When my daughter was born, my world was turned completely upside down. It’s a cliche, but like most cliches, it’s a cliche because it’s true. My priorities shifted, my interests changed, my attention was singularly focused on her. Everything was different.
Especially my marriage.
I’m a nurturer by nature. I mean, I’ve been known to capture spiders to free in the backyard and stop my car to carry my elderly neighbor’s groceries in for her. For years, all of that nurturing and attention was dedicated to my husband. And then, Ruby entered the world and all of that nurturing and attention immediately shifted to her. I was one-track-minded, anticipating her needs, monitoring her schedule, learning her cries, struggling to breastfeed. It was all Ruby, all the time.
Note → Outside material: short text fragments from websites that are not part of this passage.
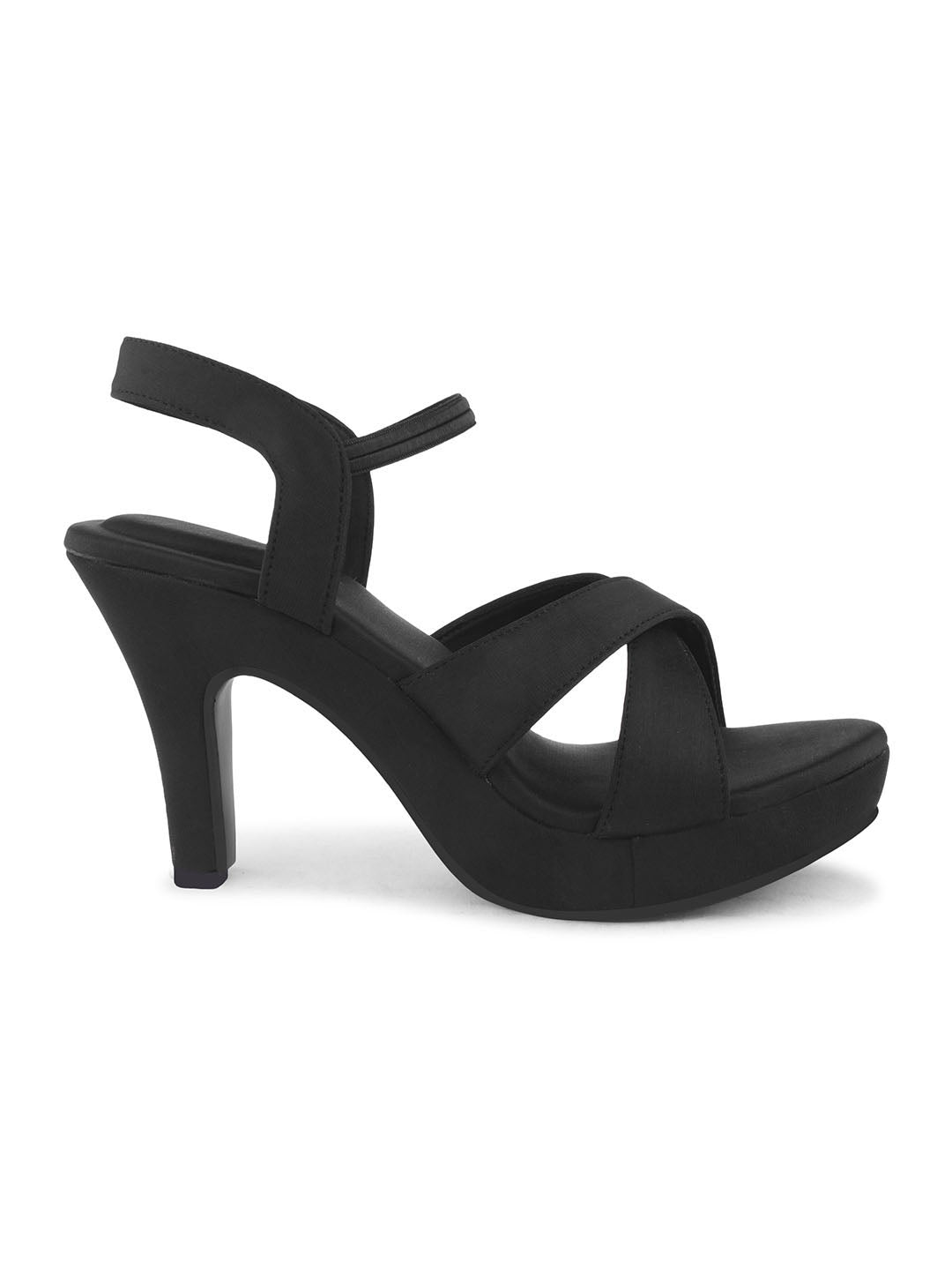 Jm Looks women's crisscross platform heels with a sleek finish
 Black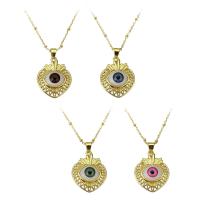 Evil Eye Jewelry Necklace, Brass, with Plastic, gold color plated, for woman, more colors for choice, 22x28mm, Length:Approx 18 Inch, Sold By PC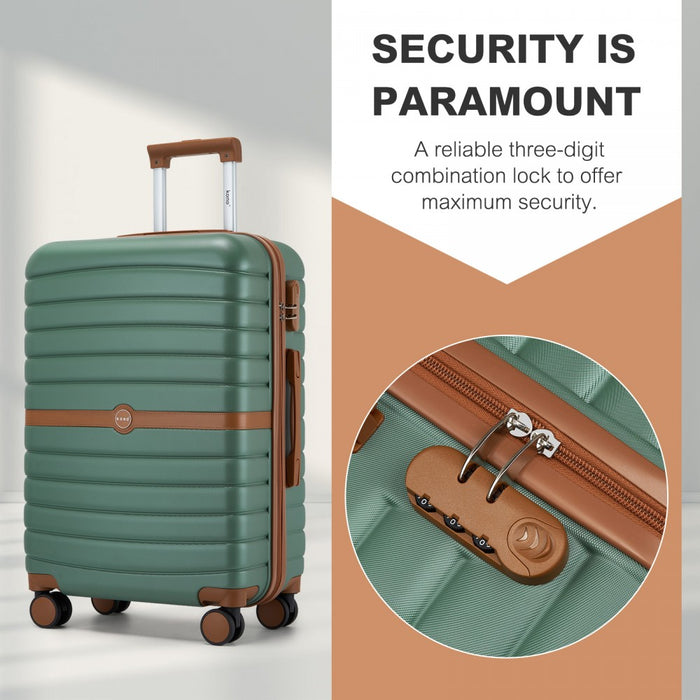 KSK2592+EA2212 - Kono 3‑Piece ABS+PC Suitcase Set with Travel Bag & Toiletry Pouch - Green and Brown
As the primary caregiver and a stay-at-home-mom, she had literally changed every aspect of my life, from my sleep patterns to my personal hygiene to my sudden interest in baby bowel movement schedules. But for my husband, not so much had changed. He still got up every morning and did the same thing he’d been doing for years. He still woke up at the crack of dawn to start his day with a long commute. He still came home exhausted from a busy day at work, followed by another long commute. Except now, when he got home, the house was not clean, dinner wasn’t cooking, and I just wanted him to take the baby for 5 minutes, so that I could get a shower or pee alone.
We didn’t fight, but we weren’t “us.” We didn’t spend time sitting at the dinner table talking about our respective work days and current events or laying in bed watching movies until 2 am or sitting on the patio drinking our morning coffee together. We were in survival mode: keep the baby alive, meet our basic needs, avoid killing each other, wake up the next morning.
My husband just didn’t seem as connected to the baby as I was.
He didn’t jump at the first sound of her cry, rush to make a bottle as quickly as humanly possible, or delight in the gas-induced “smiles” that I lived for. It was frustrating and it made me anxiously wonder if we had made a mistake. Was he not ready for this? I was afraid to find out. But reluctantly, I sat him down and talked it out.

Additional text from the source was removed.